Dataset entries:
========================
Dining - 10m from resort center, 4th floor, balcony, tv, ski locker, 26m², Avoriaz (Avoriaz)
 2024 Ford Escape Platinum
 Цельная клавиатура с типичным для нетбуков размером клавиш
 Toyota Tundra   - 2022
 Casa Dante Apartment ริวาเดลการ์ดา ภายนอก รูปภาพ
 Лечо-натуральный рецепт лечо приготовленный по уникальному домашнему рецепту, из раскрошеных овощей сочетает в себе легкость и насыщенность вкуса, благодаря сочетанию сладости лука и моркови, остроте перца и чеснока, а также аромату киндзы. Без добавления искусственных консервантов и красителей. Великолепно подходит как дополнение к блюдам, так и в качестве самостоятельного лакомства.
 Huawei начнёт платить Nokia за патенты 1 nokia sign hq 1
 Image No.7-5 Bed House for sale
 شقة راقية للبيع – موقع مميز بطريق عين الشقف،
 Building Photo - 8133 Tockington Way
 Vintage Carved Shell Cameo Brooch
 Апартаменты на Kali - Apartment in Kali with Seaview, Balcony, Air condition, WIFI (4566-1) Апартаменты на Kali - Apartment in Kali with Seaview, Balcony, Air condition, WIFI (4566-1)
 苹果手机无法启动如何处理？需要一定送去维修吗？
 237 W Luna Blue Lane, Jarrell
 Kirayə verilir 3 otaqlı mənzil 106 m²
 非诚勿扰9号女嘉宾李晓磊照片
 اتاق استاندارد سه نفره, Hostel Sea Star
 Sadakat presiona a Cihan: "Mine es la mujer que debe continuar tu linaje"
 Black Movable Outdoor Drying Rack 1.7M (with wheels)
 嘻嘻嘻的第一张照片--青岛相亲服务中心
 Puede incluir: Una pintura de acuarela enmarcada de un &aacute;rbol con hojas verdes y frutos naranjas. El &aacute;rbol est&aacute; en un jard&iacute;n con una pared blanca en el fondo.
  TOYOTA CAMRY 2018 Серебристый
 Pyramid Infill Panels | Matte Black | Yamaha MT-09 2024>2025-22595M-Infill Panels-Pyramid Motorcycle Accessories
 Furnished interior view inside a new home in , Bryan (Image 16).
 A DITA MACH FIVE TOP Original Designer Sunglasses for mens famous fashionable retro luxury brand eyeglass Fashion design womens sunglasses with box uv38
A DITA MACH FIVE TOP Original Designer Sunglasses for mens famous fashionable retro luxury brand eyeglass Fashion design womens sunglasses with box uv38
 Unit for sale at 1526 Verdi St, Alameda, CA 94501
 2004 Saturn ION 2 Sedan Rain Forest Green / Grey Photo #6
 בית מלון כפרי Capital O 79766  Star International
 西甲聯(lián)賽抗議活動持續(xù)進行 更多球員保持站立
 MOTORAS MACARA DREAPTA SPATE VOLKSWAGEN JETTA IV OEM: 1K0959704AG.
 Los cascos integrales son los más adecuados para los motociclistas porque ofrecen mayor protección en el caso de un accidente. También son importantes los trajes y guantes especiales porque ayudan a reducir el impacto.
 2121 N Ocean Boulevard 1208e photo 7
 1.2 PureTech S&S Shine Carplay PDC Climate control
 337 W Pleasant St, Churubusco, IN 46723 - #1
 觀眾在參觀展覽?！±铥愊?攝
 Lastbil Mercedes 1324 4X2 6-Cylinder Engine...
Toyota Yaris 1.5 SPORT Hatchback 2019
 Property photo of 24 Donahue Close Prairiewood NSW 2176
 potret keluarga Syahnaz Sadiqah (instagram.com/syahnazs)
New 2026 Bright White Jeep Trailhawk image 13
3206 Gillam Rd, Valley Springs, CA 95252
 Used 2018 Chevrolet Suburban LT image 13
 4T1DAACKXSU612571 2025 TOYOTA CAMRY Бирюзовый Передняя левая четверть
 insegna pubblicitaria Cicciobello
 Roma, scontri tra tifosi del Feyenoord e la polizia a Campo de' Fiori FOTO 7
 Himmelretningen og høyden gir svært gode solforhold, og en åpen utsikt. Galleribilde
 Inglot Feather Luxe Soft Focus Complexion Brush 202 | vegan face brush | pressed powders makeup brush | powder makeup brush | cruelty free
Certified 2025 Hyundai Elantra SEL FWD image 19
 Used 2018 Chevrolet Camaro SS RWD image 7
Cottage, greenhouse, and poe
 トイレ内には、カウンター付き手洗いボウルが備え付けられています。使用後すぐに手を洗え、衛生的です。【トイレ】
========================
Exercise requirements: Both the first line of the records above and the line containing "Vintage Carved Shell Cameo Brooch" are to be transcribed exactly, together with every line between them, and nothing else.

Expected answer:
Dining - 10m from resort center, 4th floor, balcony, tv, ski locker, 26m², Avoriaz (Avoriaz)
 2024 Ford Escape Platinum
 Цельная клавиатура с типичным для нетбуков размером клавиш
 Toyota Tundra   - 2022
 Casa Dante Apartment ริวาเดลการ์ดา ภายนอก รูปภาพ
 Лечо-натуральный рецепт лечо приготовленный по уникальному домашнему рецепту, из раскрошеных овощей сочетает в себе легкость и насыщенность вкуса, благодаря сочетанию сладости лука и моркови, остроте перца и чеснока, а также аромату киндзы. Без добавления искусственных консервантов и красителей. Великолепно подходит как дополнение к блюдам, так и в качестве самостоятельного лакомства.
 Huawei начнёт платить Nokia за патенты 1 nokia sign hq 1
 Image No.7-5 Bed House for sale
 شقة راقية للبيع – موقع مميز بطريق عين الشقف،
 Building Photo - 8133 Tockington Way
 Vintage Carved Shell Cameo Brooch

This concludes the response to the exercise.